O vale era repleto de grama e árvores voluptuosas. A luz do sol pintava tudo em dourado e eu havia me esquecido de como seu calor tocava minha pele de modo tão reconfortante e suave, como um abraço de um ente querido. Eu sabia que não estava ali de verdade dentro de mim, mas também tinha plena consciência de que, por isso, não poderia fazer nada além de observar.

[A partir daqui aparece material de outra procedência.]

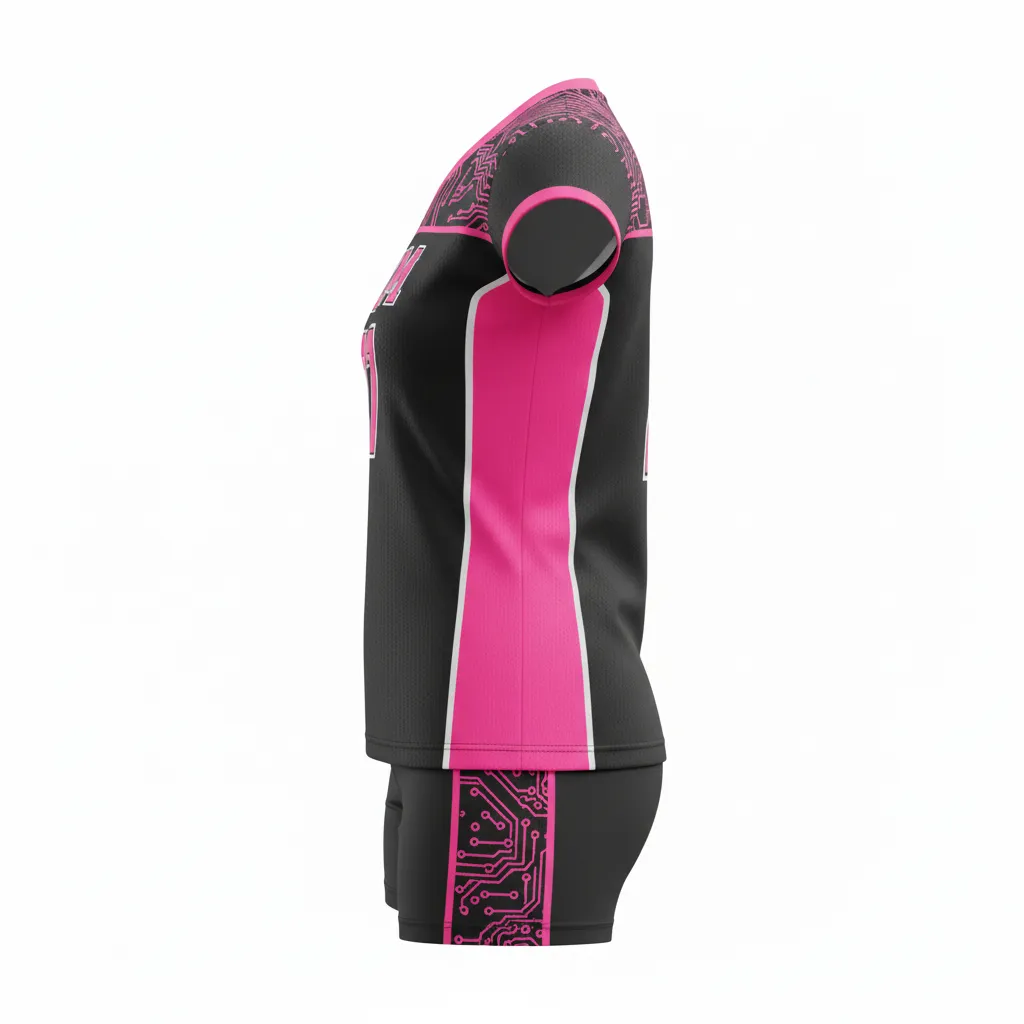 Custom Volleyball Cap Sleeve Volleyball Uniform - Black - Cap Sleeve Uniform Neon Pink Circuit Pattern - Side View - HAMCO Sports Inc.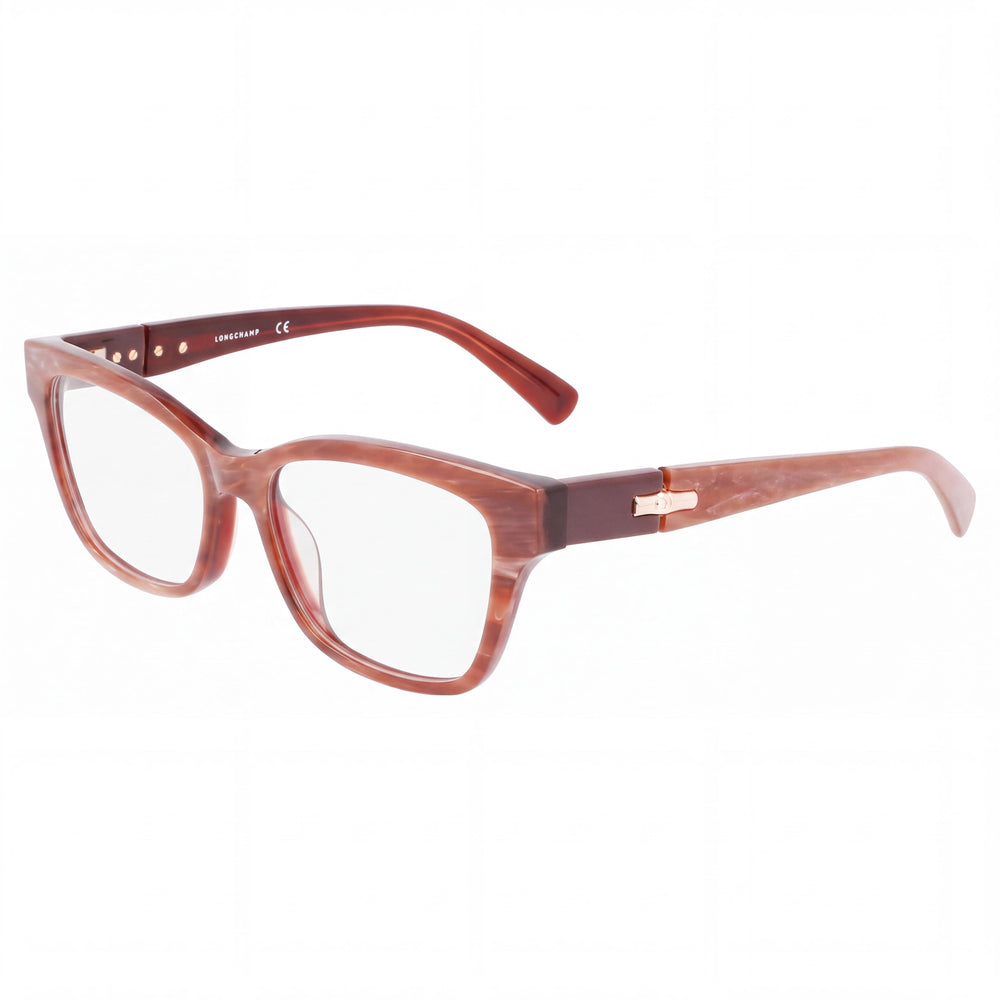 Longchamp Lo2697 Red Marble Rectangle Eyeglasses for Women, Propionate frame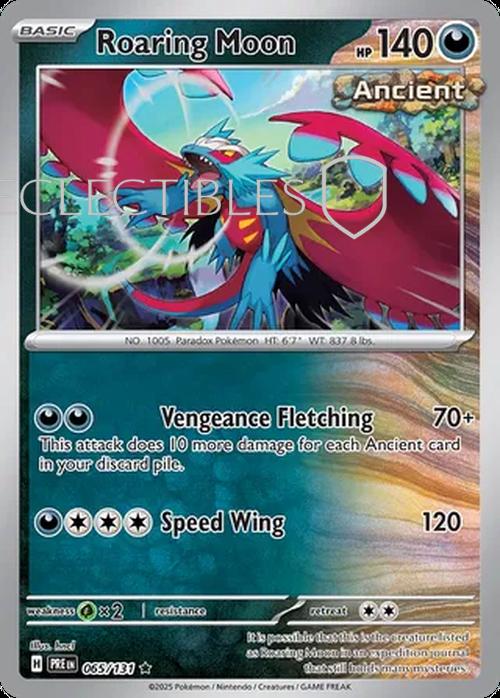 Pokemon Prismatic Evolutions 065/131 Roaring Moon Reverse Holo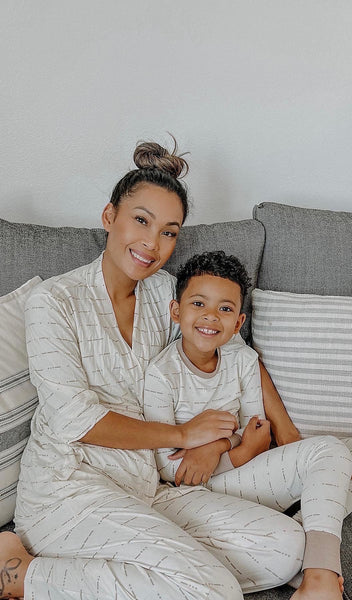 Morse Code Love Analise 3-Piece PJ worn by woman sitting on couch with her son in matching Emerson Morse Code Love PJ.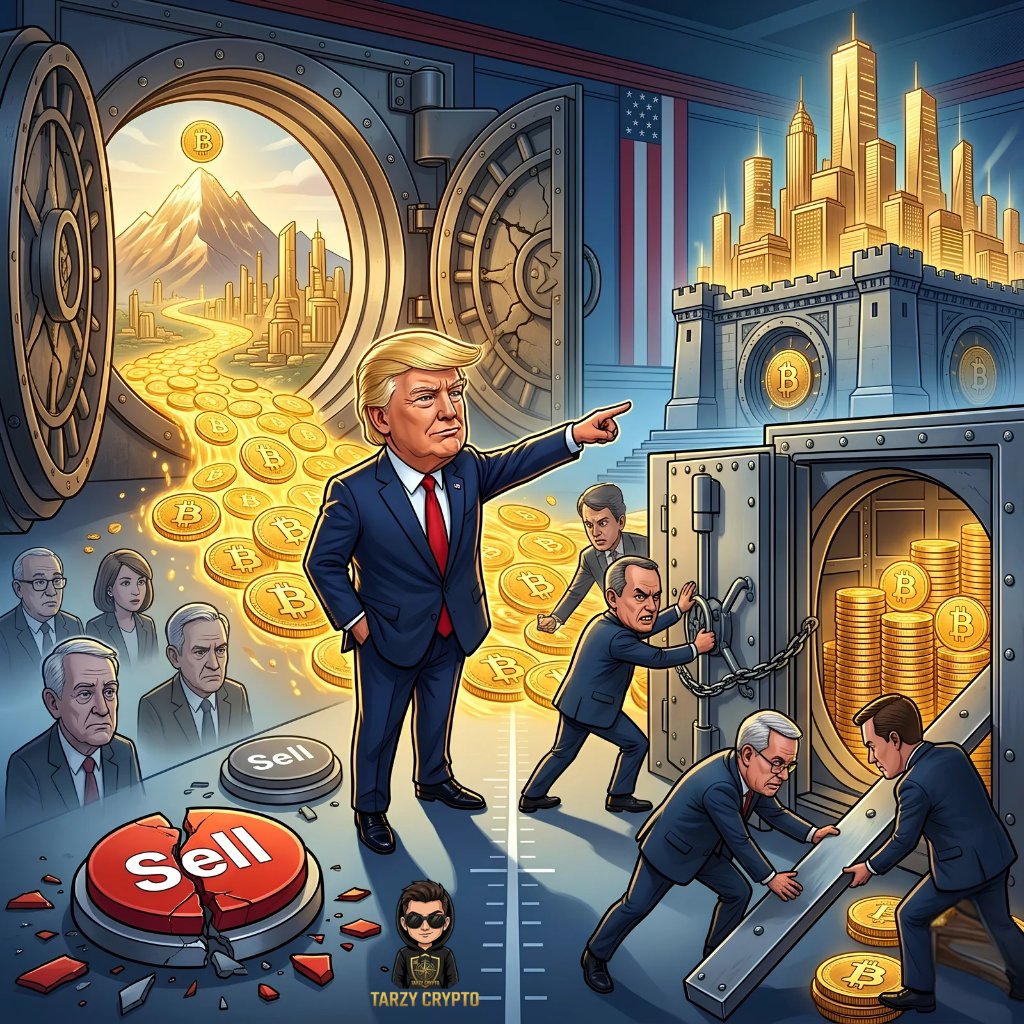 MOTARZY's tweet photo. "Never sell your Bitcoin." 

President Donald Trump criticizes the U.S. government for selling tens of thousands of $BTC in recent years, which would now be worth billions, and declares that from this day forward, America will follow the golden rule of crypto. 🇺🇸💸 https://t.co/87ngbp2Lb6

Um anjo caminhava descalço sobre a grama. Eu não vi seu rosto, mas seus cabelos eram longos e ondulados. Ele se abaixa quando chega em seu destino. Uma túnica branca cobria seu corpo magro e pequeno. A luz reflete o ouro na auréola em sua cabeça, que podia ser interpretado como um símbolo de pureza e virtude. Não havia nada além do silêncio que abrangia a calmaria do ambiente, me permitindo até mesmo ouvir o som tênue da minha respiração.

Mas havia algo errado com o anjo. Ele chorava bem baixo, e mesmo de longe, eu podia ver suas lágrimas caindo sobre suas mãos que tocavam a grama. Ele ergue ambos os braços e retira sua auréola e a joga para longe, com força e certa revolta. É quando tudo muda.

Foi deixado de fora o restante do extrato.